Les auteurs du rapport ont donné une définition large de la violence à caractère sexuel, allant des avances non désirées jusqu'à l'agression sexuelle.

Le département d'anglais de l'université montréalaise a été placé en observation en janvier 2018 quand des allégations d'inconduite sexuelle d'enseignants contre des étudiantes ont fait surface.

Le rapport publié jeudi se fonde sur une enquête réalisée d'avril à septembre 2018. Un total de 109 personnes - étudiant-es, professeur-es, employé-es et diplômé-es - ont répondu aux questions des enquêteurs. Ceux-ci ont découvert des preuves de favoritisme et de conflit d'intérêts. Ils ont conclu que les relations amoureuses ou sexuelles entre des professeur-es et des étudiant-es n'avaient pas leur place dans une université.

« Le risque d'abus ou de malentendu gravement préjudiciable est beaucoup trop important », notent les auteurs du rapport.

Toutefois, ils conviennent que l'université est limitée dans ce qu'elle peut faire puisque le législateur a choisi de ne pas interdire les relations romantiques ou sexuelles consensuelles entre professeur-es et étudiant-es dans la Loi visant à prévenir et à combattre les violences à caractère sexuel dans les établissements d'enseignement supérieur.

Parmi les recommandations du comité figure l'interdiction par l'université de tenir des cours dans les bars. Selon les auteurs du rapport, les cours qui se déroulent dans un bar fournissent des occasions qui peuvent mener à l'inconduite sexuelle.

« Des étudiant-es ont déclaré que ces situations ont parfois mené à des inconduites sexuelles, à une fraternisation inappropriée ou ont brouillé les frontières entre relations professionnelles et personnelles, peut-on lire dans le rapport. De nombreux problèmes inacceptables peuvent survenir lors de telles activités. »

Des étudiantes ont rapporté avoir fait l'objet d'une tentative de séduction non désiré par des professeurs. « Or, ces étudiant-es, craignant des conséquences potentielles sur leurs notes ou leur carrière, peuvent ressentir l'obligation de répondre positivement à des avances non désirées », affirment les auteurs.

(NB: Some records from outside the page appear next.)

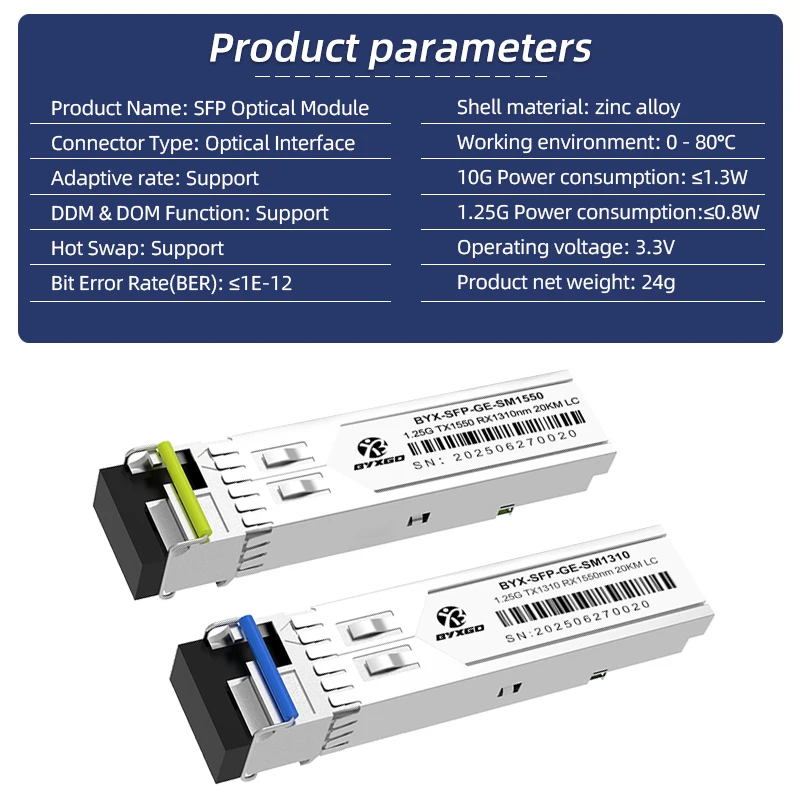적응형 속도 SM LC/SC SFP 광 모듈, 라우터/스위치 1.25G/10G SFP+ 모듈, Cisco용 BiDi/이중 SFP 광섬유 송수신기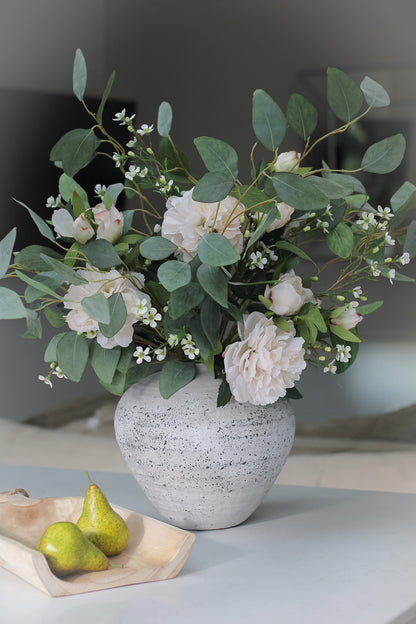 Faux Peony and Silver Dollar Eucalyptus Arrangement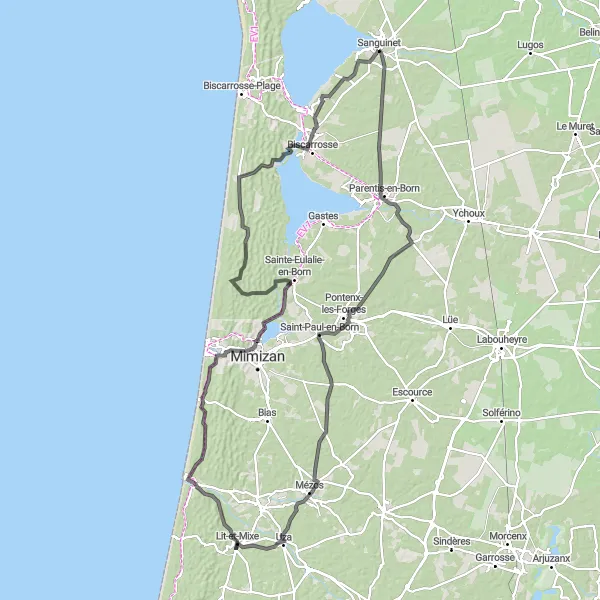 Map miniature of "Sanguinet-Parentis-en-Born Loop" cycling inspiration in Aquitaine, France. Generated by Tarmacs.app cycling route planner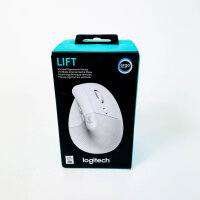 Logitech Lift Vertikale Maus, kabellos, Bluetooth/USB-Empfänger, ergonomisch, leise Klicks, 4 Tasten, kompatibel mit Windows/macOS/iPadOS, weiß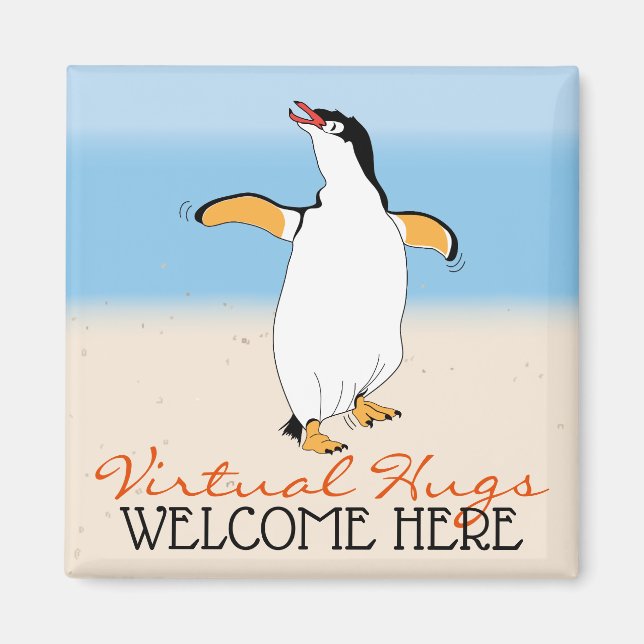 Virtual Hugs Welcome Here Magnet (Front)
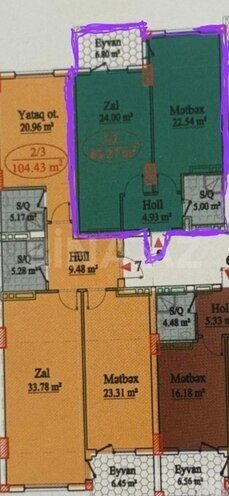Satılır 2 otaqlı yeni tikili 63.2 m², Koroğlu m., photo 14 from 15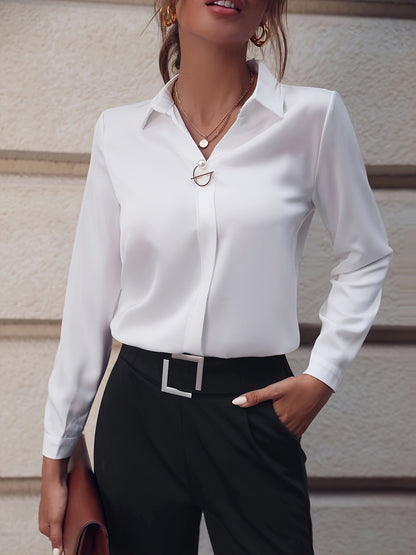 Damen Elegante Slim Fit Langarm Business Bluse – Stilvolle Büro- und Freizeitmode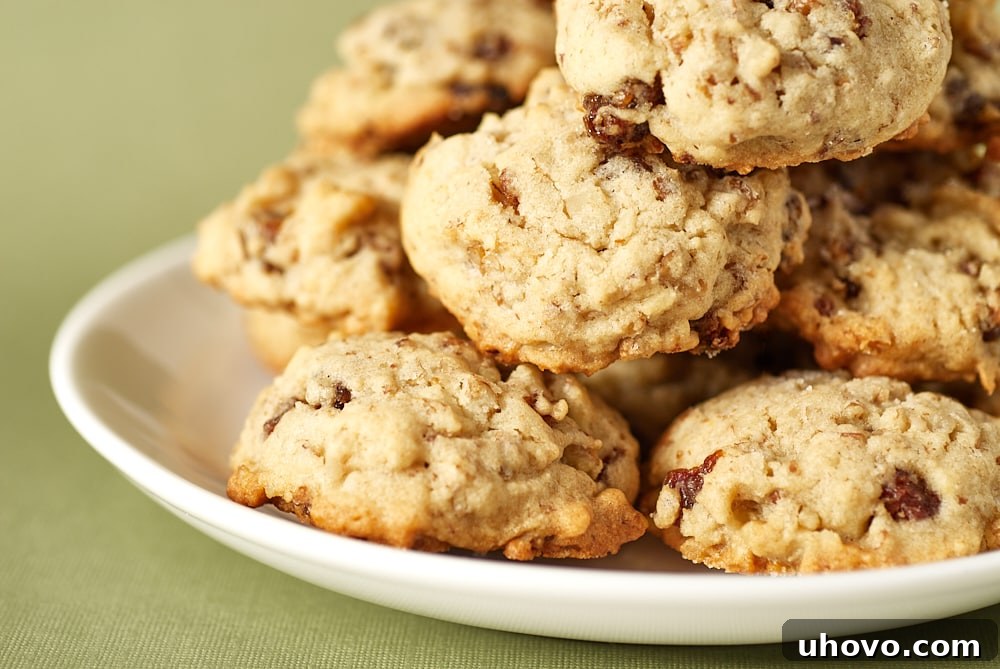 A small stack of delicious Pecan Date Cookies elegantly presented on a white plate, ready to be enjoyed.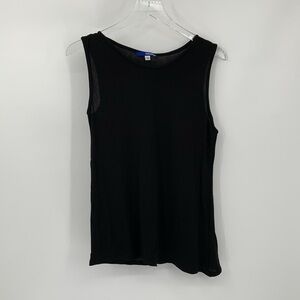 Heikejarick jersey knit top tank shirt blouse black asymmetric diagonal hem 12 L
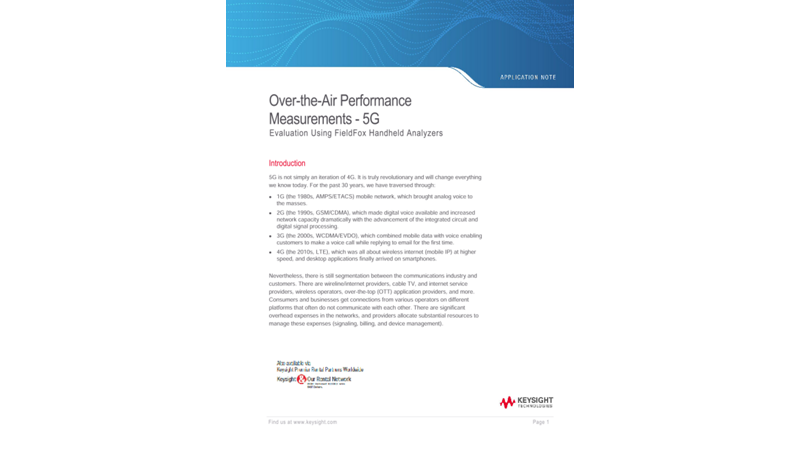 Over-the-Air Performance Measurement - 5G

Le recteur de l'Université, Alan Sheppard, a reconnu que le rapport trace un portrait inquiétant. « Nous avons à coeur le bien-être de la communauté de Concordia et il nous est pénible d'être informés de problèmes - réels ou perçus - tels que la violence à caractère sexuel, le favoritisme, la discrimination et la méfiance à l'égard de notre établissement en ce qui a trait au traitement des plaintes », écrit-il dans une lettre publiée sur le site internet de Concordia.

Il fait observer que « seul un petit nombre » de membres du corps professoral semblent s'être comportés de manière inappropriée. Il relève aussi que de nombreux intervenants dans l'enquête ont parlé « en termes élogieux de leur expérience au Département d'études anglaises ».

Les auteurs du rapport ont déploré que seulement 109 personnes sur une possibilité de 3228 aient participé à l'enquête. « Il est donc difficile pour les auteur-es du présent rapport d'étendre la portée de leurs observations aux personnes qui n'y ont pas pris part », ont-ils souligné.